• **Exercise directions**: Return every line from the one with "Apple iPhone 15 Pro max Titanium 512 gb" through the one with "Samsung Galaxy A06 64 GB Gray", inclusive, exactly as it appears below.

• **Source information**:
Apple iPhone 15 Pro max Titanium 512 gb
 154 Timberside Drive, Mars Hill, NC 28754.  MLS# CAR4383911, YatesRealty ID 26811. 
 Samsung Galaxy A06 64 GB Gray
--
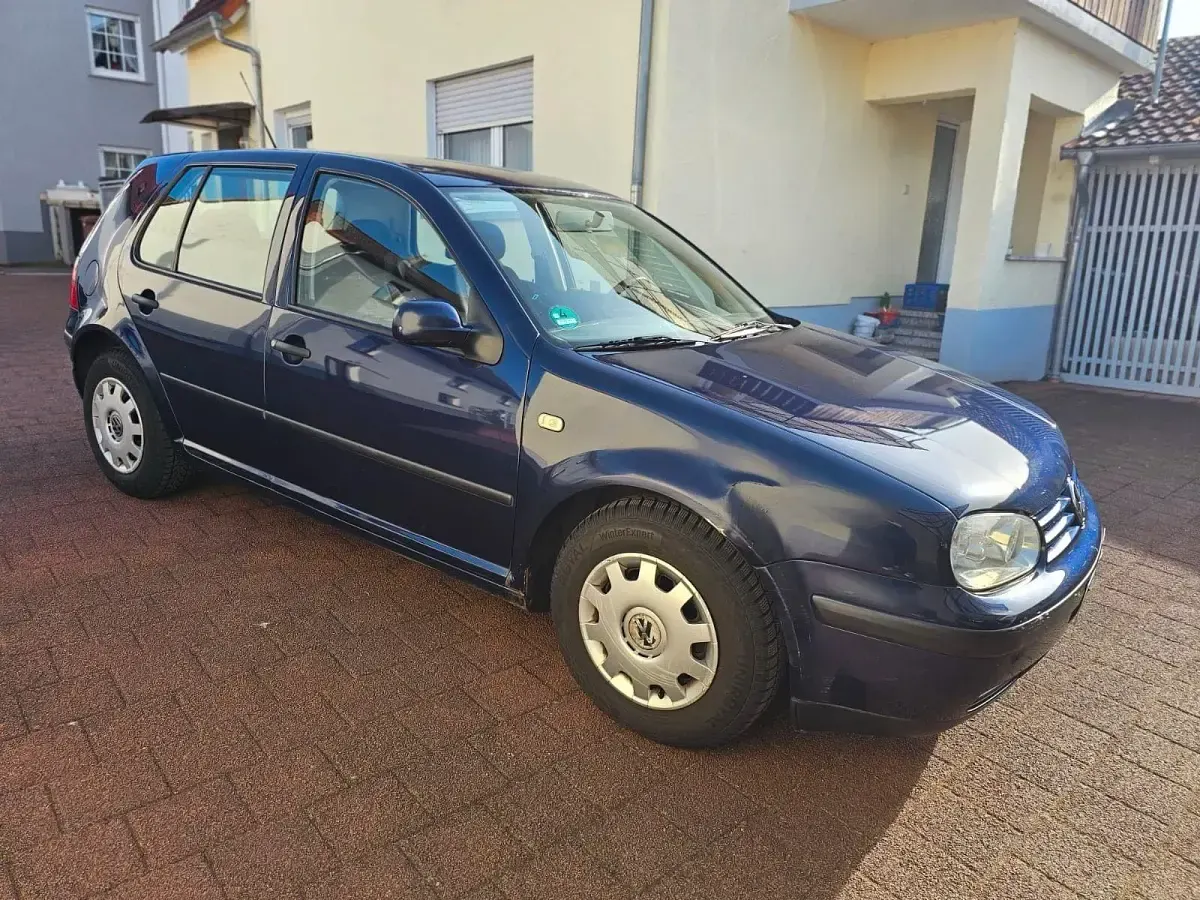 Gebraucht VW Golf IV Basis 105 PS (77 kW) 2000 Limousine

• **Answer box**:
Apple iPhone 15 Pro max Titanium 512 gb
 154 Timberside Drive, Mars Hill, NC 28754.  MLS# CAR4383911, YatesRealty ID 26811. 
 Samsung Galaxy A06 64 GB Gray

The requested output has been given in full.